Comparison and Results

They create several different kinds of agents and have them duke it out. The first kind of agent they call "data-driven". It contains the knowledge accumulated from the televised poker hands but does no learning. The second agent is one that uses the same information, but then uses the evolutionary learning algorithm. The third agent also uses evolutionary learning methods, but it starts out with no poker knowledge.

After several generations of iteration, Figure 6 demonstrates that the performance of best evolutionary algorithms of a particular generation improve over those of previous generations. It doesn't take long before the evolutionary data-driven agent plays much better than the non-evolutionary data-driven agent. The improvement seems to come quickly at first, and then slows down, which shouldn't be surprising for any learning method. However, I'm a bit concerned by the y-axis of the graph. What is the nature of the top 90 algorithms that aren't represented in Figure 6?
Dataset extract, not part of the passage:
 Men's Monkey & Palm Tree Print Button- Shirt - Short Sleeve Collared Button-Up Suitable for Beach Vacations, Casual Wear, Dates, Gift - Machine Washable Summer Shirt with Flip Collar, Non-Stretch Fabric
The authors next talk some poker strategy. They seem surprised that folding would be the dominant strategy. Of course, they don't tell us how many players are at each table, but if it's more than three this result won't surprise any serious poker player. Raises occur with good hands. Calls occur with what they call "low risk" hands, although I'm not exactly sure how this translates into more familiar poker terms.

I find it hard to learn much from the figures in the paper. The exception to this is Figure 7. Note that the learning algorithm has come up with a strategy that consists of: lots of folding, a fair bit of raising, and very little calling. This seems quite reasonable. It's difficult to tell from the figures, but it also looks like the algorithm does at least some bluffing with its worst hands, which is also promising.
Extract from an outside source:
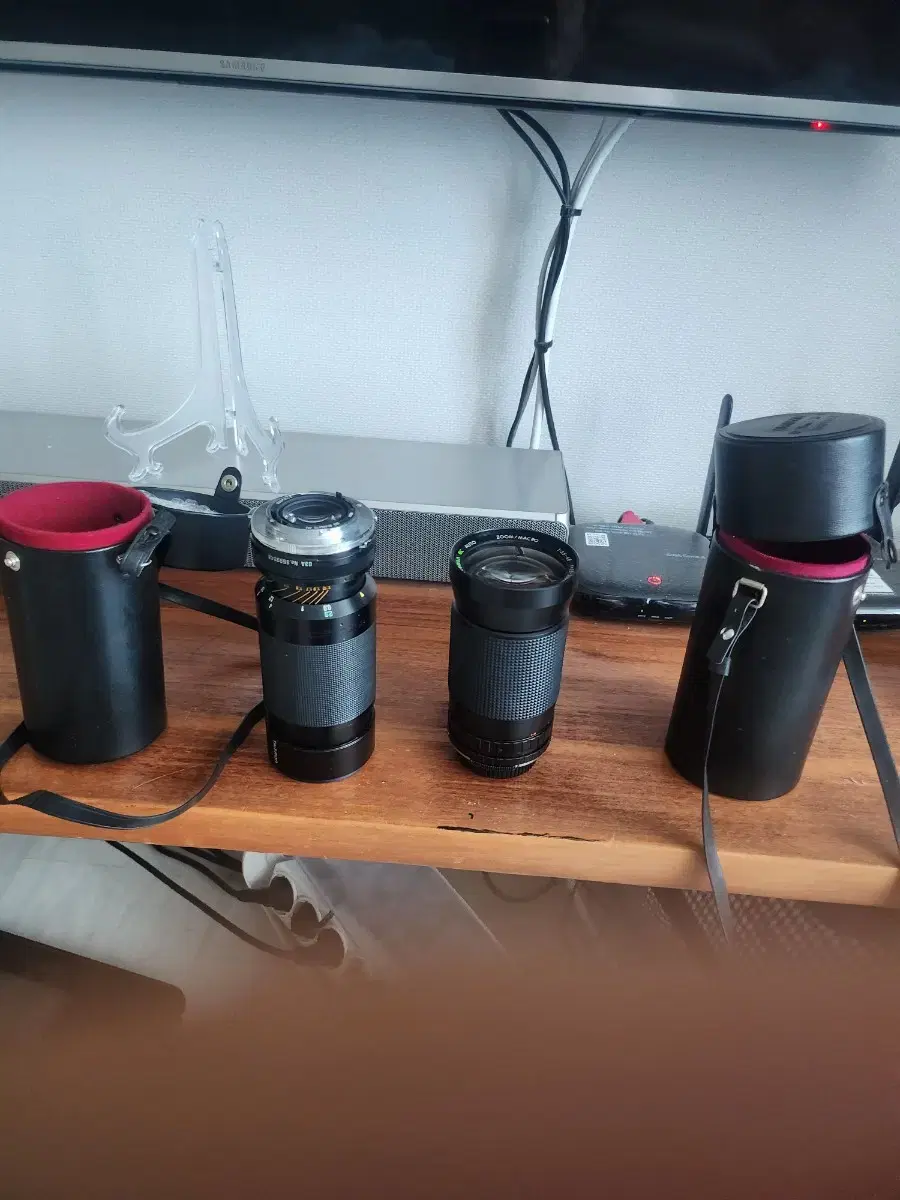 Two vintage camera lenses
The researchers ran tournaments comparing these three agents along with two other trivial ones: an "always fold" agent and one that acts randomly. Table 1 shows these results, but to honest, I can't tell you what it says. The data make absolutely no sense to me.

Conclusions and Further Work

The authors admit that they don't know if their agents are good poker players or not. I think they're being a little disingenuous here. I suspect that even the best of their agents are poor players, and that they know it. Nonetheless, they demonstrate that evolutionary methods can lead to an improvement in algorithmic poker performance. I don't see any reason to think that if they started with a better framework that these methods couldn't be effective.

There is a lot of work to be done to turn this work into a worthy poker opponent. The authors note that they've performed little optimization of the evolutionary parameters. They also suggest that further evolution of the agents should continue to bear fruit.

My suggestions on the next steps they might take are a little different. First, I suggest they revisit their bet sizing algorithms. They should also incorporate game theoretic bluffing. Using Bayesian methods to adjust perceptions of opponent hand ranges would be a great addition, but would require significant work. Also, they could sure use some better seed data to jump start their learning algorithms. There are probably some other implementation issues that could use fixing but that we don't know about because the paper doesn't provide sufficient details.

Conclusion

Once again, to a serious student of poker this probably looks like a failure. As poker players, we tend to think of the success of a poker algorithm in terms of how well it plays. The goal of the authors is to demonstrate that their academic technique could be applied to a new kind of problem. It doesn't matter whether the final product actually ends up being any good at poker. They're only interested in demonstrating the viability of their technique. I know I have a tough time getting my head around this at times.

Nonetheless, we can add evolutionary methods to the list of legitimate ways me might improve a poker algorithm. Also, I found their unorthodox, from a poker standpoint, take on poker goals to stimulate my thinking about the issue. So, for me the paper is worth studying even if the resulting agent would get crushed by an average 3-6 player from a typical public card room.